An admixture mapping study has implicated two regions, on 6q24 and 21q21, that may contain genes that influence risk of hypertension in African Americans [70]. An admixture mapping approach used in the Dallas Heart Study Cohort implicated the gene, vanin 1 (VNN1) in the region on 6q24, (rs2272996) as associated with the risk for hypertension in African Americans [71]. The VNN1 SNP increased risk for hypertension in African Americans yet conferred protection in European Americans (although it did not reach statistical significance in European Americans)[71]. Recent transcription profiling work by Blangero and colleagues in lymphocytes suggests that sequence variants in VNN1 are related to HDL cholesterol concentrations [72].
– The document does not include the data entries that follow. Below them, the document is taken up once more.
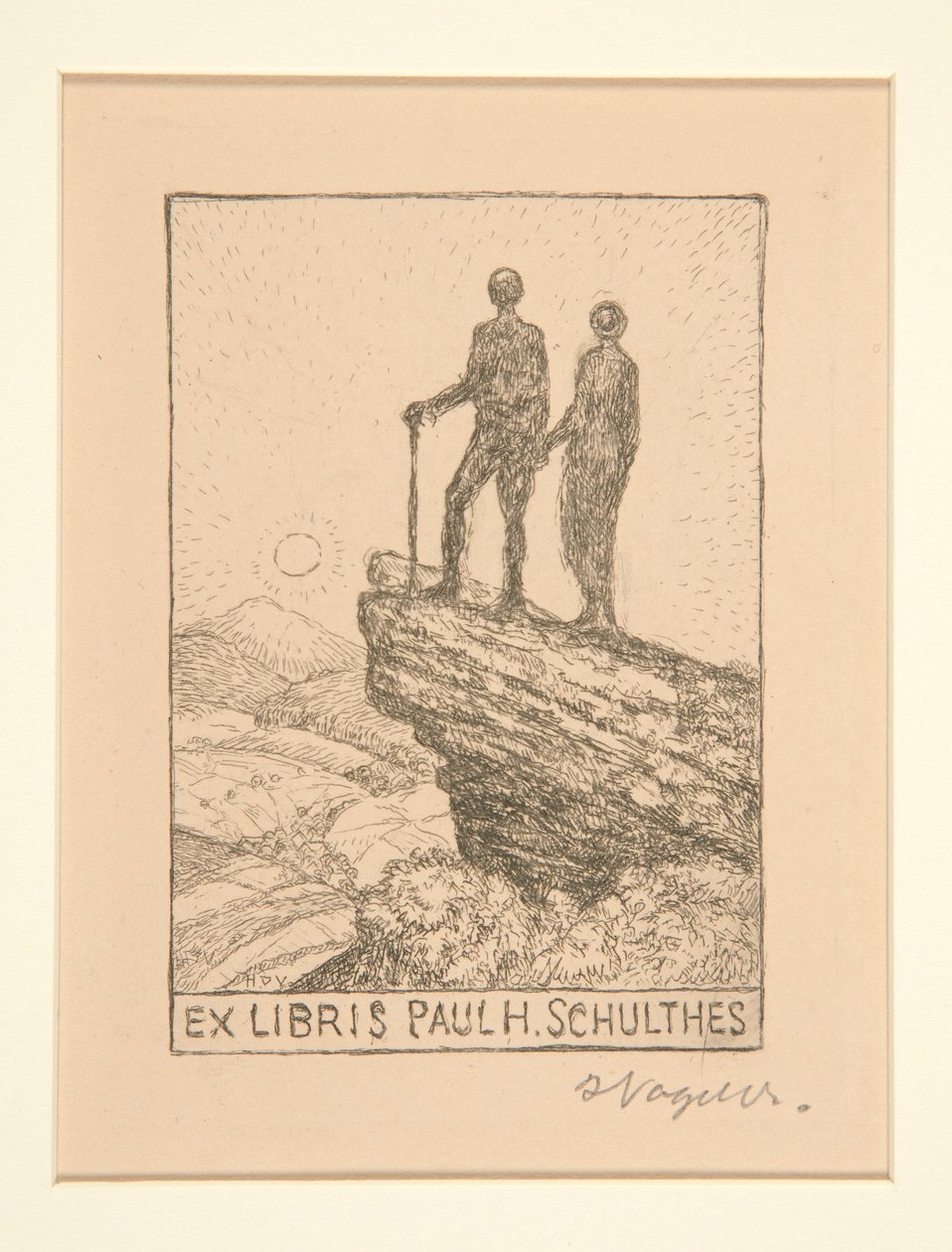 ex libris de Heinrich Vogeler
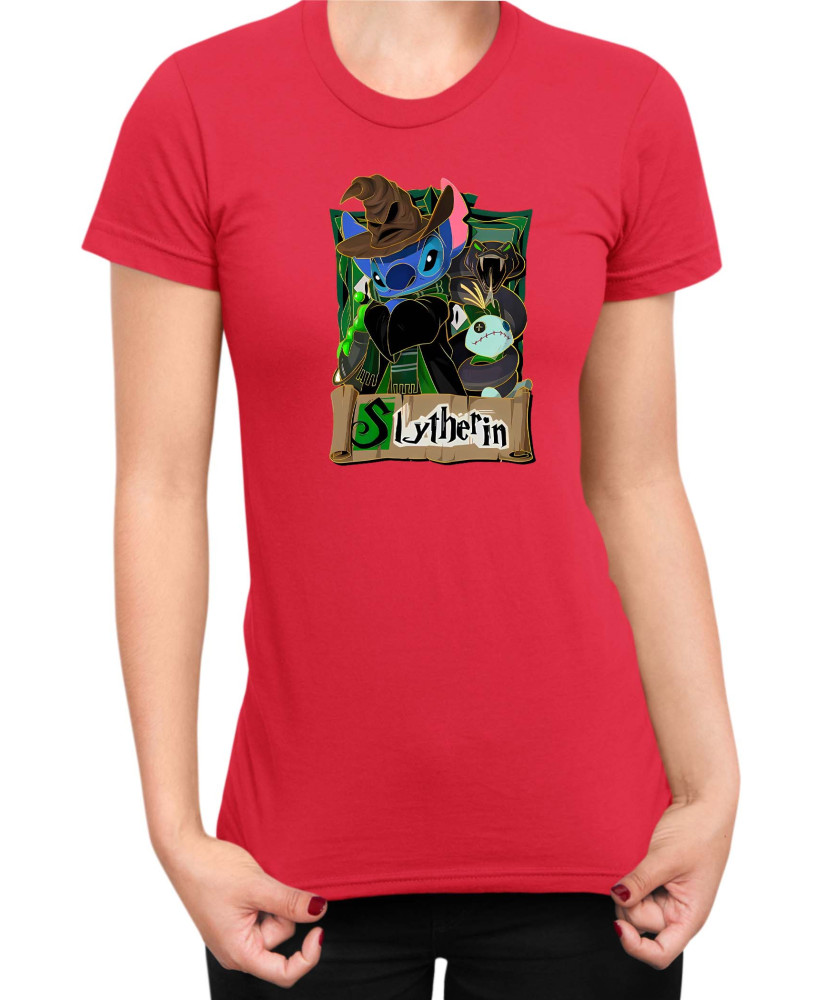Дамска Тениска Lilo And Stitch Stitch Potter Slytherin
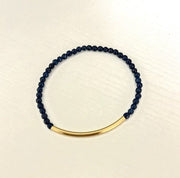 Liberty Bracelet New Collection (Not Visible) Purpose Jewelry Navy Blue & Brass 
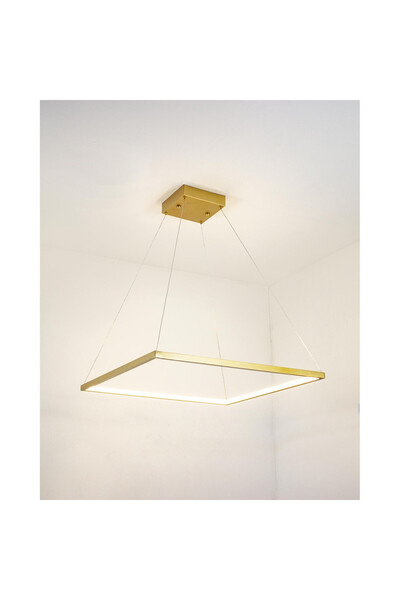 Sueva Lustra LED Minimalist Square cu Telecomanda wifi 2.4G 45cm Auriu lumina...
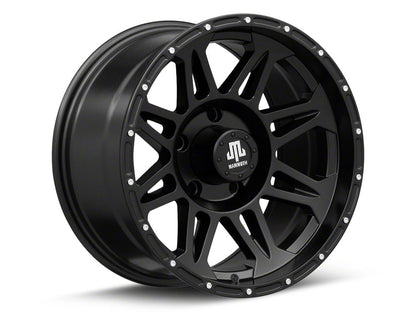 Mammoth Split 8 Beadlock Matte Black 5-Lug Wheel; 17x9; -6mm Offset (02-08 RAM 1500, Excluding Mega Cab)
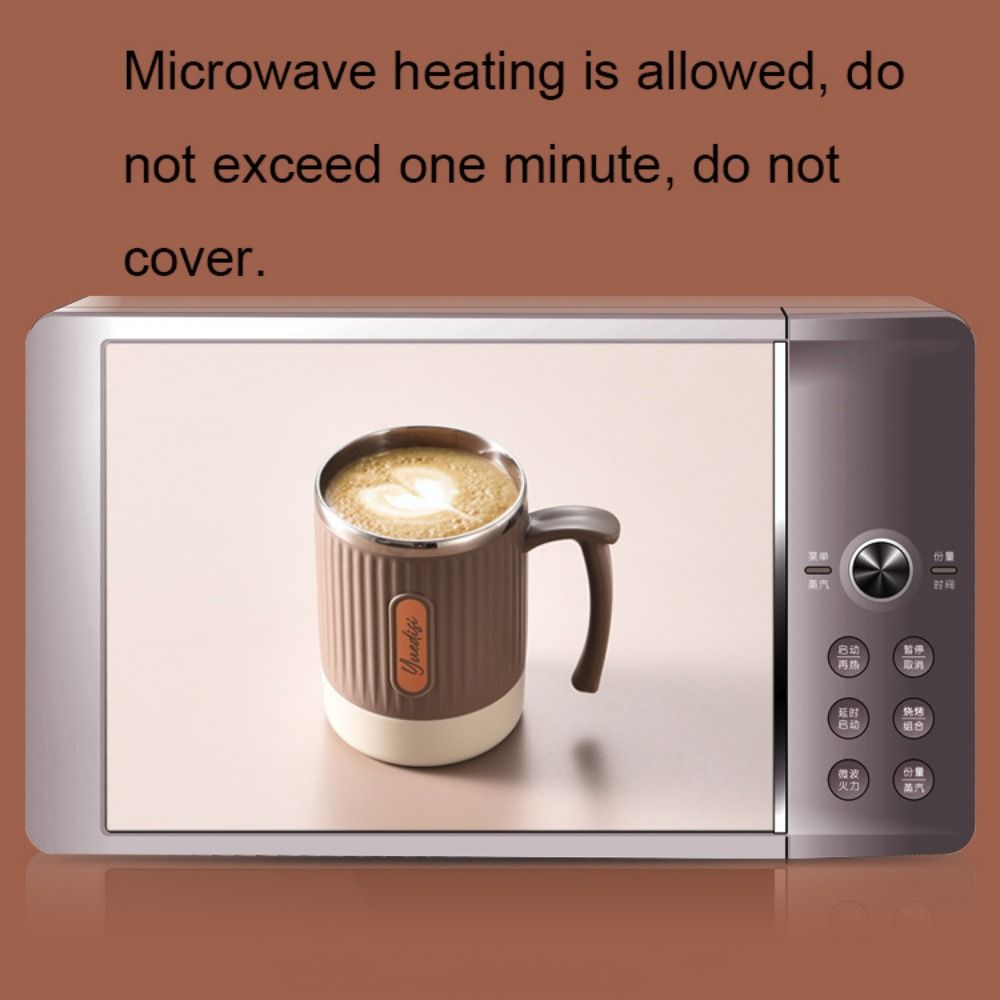 Heat-resistant Stainless Steel Water Cup Seal Lid Spoon Thermal Insulation Cup  Students Use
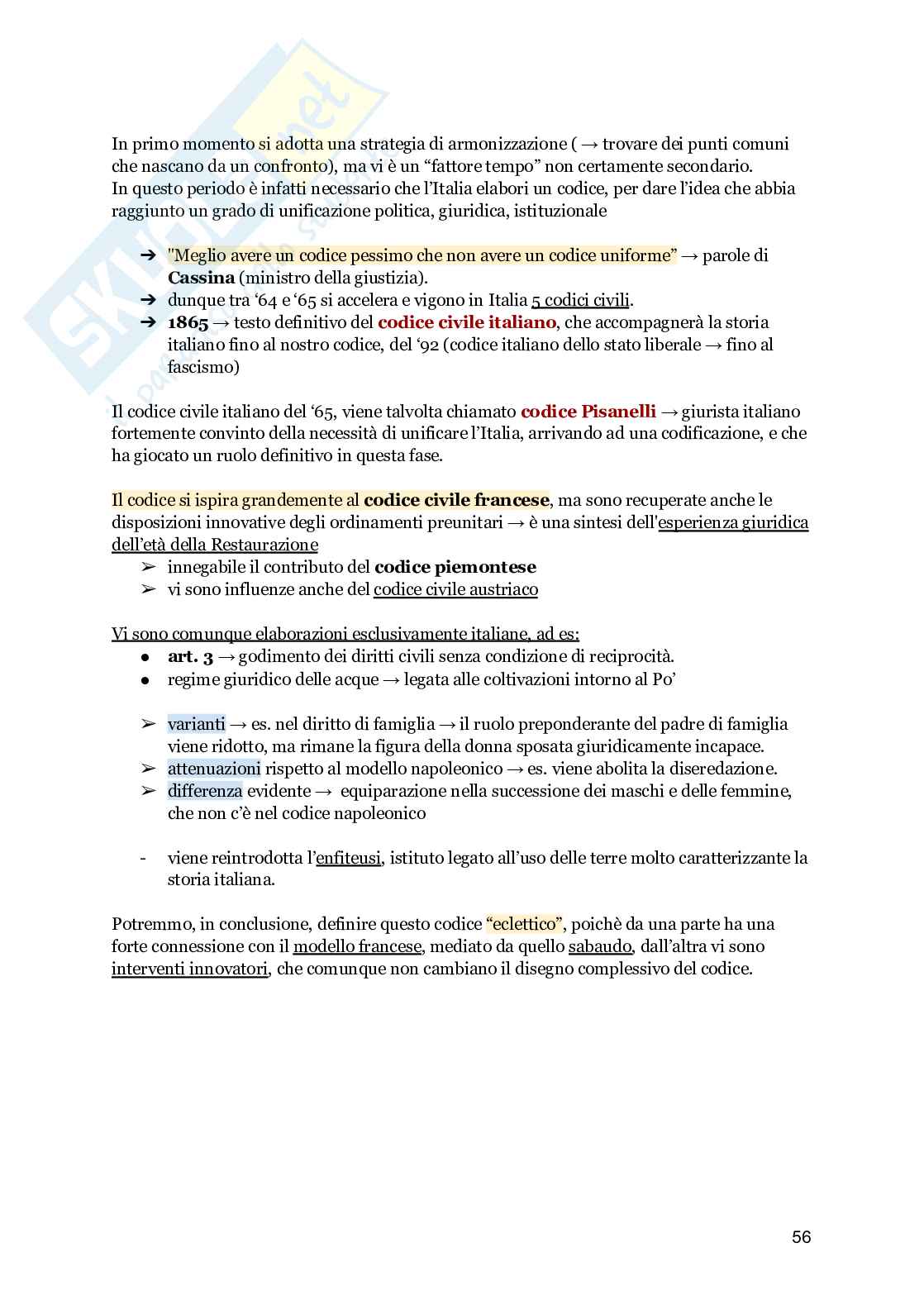 Riassunto esame Storia del diritto 1, Prof. Lacchè Luigi, libro consigliato Tempi del diritto. Età medievale, moderna, contemporanea, AA. VV. Giappichelli Pag. 56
Fox et al. [73] examined both genome-wide and candidate gene associations with systolic and diastolic blood pressure in 8,591 African Americans in the NHLBI Candidate Gene Association Resource (CARe) consortium. None of the SNPs tested using either the Affymetrix 6.0 GWAS panel or the ITMAT-Broad_CARe custom SNP array were replicated in an additional 11,882 African Americans or European Americans (69,899) [73]. Previously identified blood pressure SNPs in European Americans were identified in African Americans although with weak significance (SH2B3, TBX3-5, DBP) [73]. This study highlights many issues currently challenging the field of blood pressure, African Americans and genetics including the complexity of the phenotype, and the admixture effects in African Americans. An admixture approach using the CARe consortium in 6,303 African Americans followed by replication in four different African American populations and one native Nigerian African sample (total n = 11,882) identified a novel SNP, rs7726475, associated with systolic and diastolic blood pressure between genes SUB1 and NPR3 [74].
A recent study by the International Consortium for Blood Pressure Genome-Wide Association Studies in multiple ancestries including a cohort of 19,775 African Americans identified multiple novel loci associated with blood pressure [75]. These loci were associated with systolic and diastolic blood pressure in 200,000 Europeans, ~19,000 African Americans, ~29,000 East Asians, and ~24,000 South Asians. In African Americans, 22 loci were significantly associated with systolic or diastolic blood pressure (P < 1 × 10−8) [75] (see Table 1). Many of these SNPs were also significant in other race/ethnicities. Genes that had been implicated in previous studies but may have not achieved statistical significance were replicated in this study including (but not limited to) NPR3, SLC4A7, and SH2B3. A new gene SLC39A8, identified to be associated with both systolic and diastolic blood pressure in African Americans, European Americans, and South Asians, is also associated with HDL cholesterol levels (similar to VNN1, but not replicated in this analysis). NPR3 encodes the clearance receptor for natriuretic peptide and mice lacking this receptor have reduced blood pressure [76]. SLC4A7 is expressed in vascular smooth muscle and the nephron and regulates sodium bicarbonate [77]. Knockout of this gene induces mild hypertension in mice. SH2B3 has been implicated in multiple associations with immune and inflammatory diseases as well as hypertension [78, 79]; however its function remains unknown.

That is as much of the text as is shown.